-- Source information follows --

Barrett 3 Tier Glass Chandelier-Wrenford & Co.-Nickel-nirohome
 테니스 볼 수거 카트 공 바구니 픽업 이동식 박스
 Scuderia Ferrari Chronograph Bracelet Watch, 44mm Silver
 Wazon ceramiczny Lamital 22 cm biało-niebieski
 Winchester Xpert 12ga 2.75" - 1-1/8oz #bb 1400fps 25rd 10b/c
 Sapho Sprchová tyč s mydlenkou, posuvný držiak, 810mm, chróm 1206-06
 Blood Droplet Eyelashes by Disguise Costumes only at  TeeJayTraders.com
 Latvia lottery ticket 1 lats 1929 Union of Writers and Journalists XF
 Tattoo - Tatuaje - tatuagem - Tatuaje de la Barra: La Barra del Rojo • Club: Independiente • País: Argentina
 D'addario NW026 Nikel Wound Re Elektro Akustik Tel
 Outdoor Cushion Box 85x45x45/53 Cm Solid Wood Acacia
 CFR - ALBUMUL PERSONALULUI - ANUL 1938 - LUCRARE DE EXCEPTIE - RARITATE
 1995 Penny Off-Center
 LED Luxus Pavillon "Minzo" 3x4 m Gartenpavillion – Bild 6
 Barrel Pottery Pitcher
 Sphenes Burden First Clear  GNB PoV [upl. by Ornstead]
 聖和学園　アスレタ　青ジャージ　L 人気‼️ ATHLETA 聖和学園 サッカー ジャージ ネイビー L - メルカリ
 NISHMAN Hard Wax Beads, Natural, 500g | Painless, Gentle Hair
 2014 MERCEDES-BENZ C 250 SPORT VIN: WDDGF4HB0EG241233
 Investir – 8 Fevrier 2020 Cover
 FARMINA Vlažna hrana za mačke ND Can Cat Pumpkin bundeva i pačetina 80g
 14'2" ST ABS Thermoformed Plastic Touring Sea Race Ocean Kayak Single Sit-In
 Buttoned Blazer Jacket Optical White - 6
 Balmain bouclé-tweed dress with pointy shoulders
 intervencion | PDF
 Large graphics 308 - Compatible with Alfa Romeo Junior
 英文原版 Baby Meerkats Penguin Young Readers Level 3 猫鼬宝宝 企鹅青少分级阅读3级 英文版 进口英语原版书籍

-- Source information concluded --

Exercise description =>
One line contains "Kayak Single Sit-In". Return that line and every later line through the end of the listing above, exactly, and nothing else.

Solved problem =>
 14'2" ST ABS Thermoformed Plastic Touring Sea Race Ocean Kayak Single Sit-In
 Buttoned Blazer Jacket Optical White - 6
 Balmain bouclé-tweed dress with pointy shoulders
 intervencion | PDF
 Large graphics 308 - Compatible with Alfa Romeo Junior
 英文原版 Baby Meerkats Penguin Young Readers Level 3 猫鼬宝宝 企鹅青少分级阅读3级 英文版 进口英语原版书籍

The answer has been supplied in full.